» **DATA PROVIDED**
------------------------------------

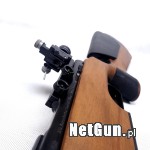 Zdjęcie 4
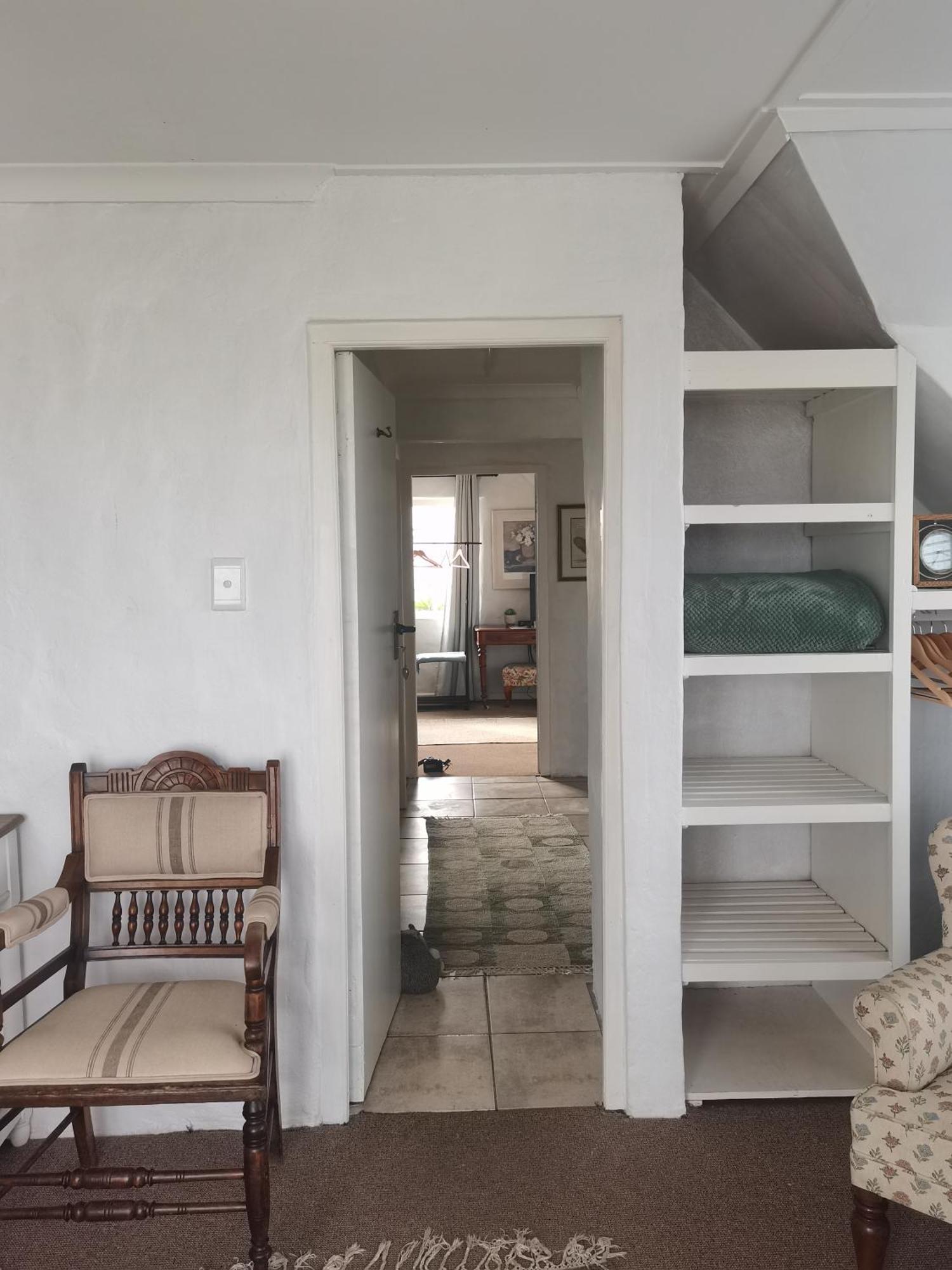 Vermont Lofts Херманус Екстериор снимка
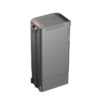 DJI Matrice 30 TB30 Intelligent Flight Battery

------------------------------------

» **WHAT NEEDS TO BE DONE**
Only the lines from the one with "Vermont Lofts Херманус Екстериор снимка" to the last line of the listing, inclusive, are to be set down, exactly as they stand and without pictures.

» **ANSWER BELOW**
 Vermont Lofts Херманус Екстериор снимка
 DJI Matrice 30 TB30 Intelligent Flight Battery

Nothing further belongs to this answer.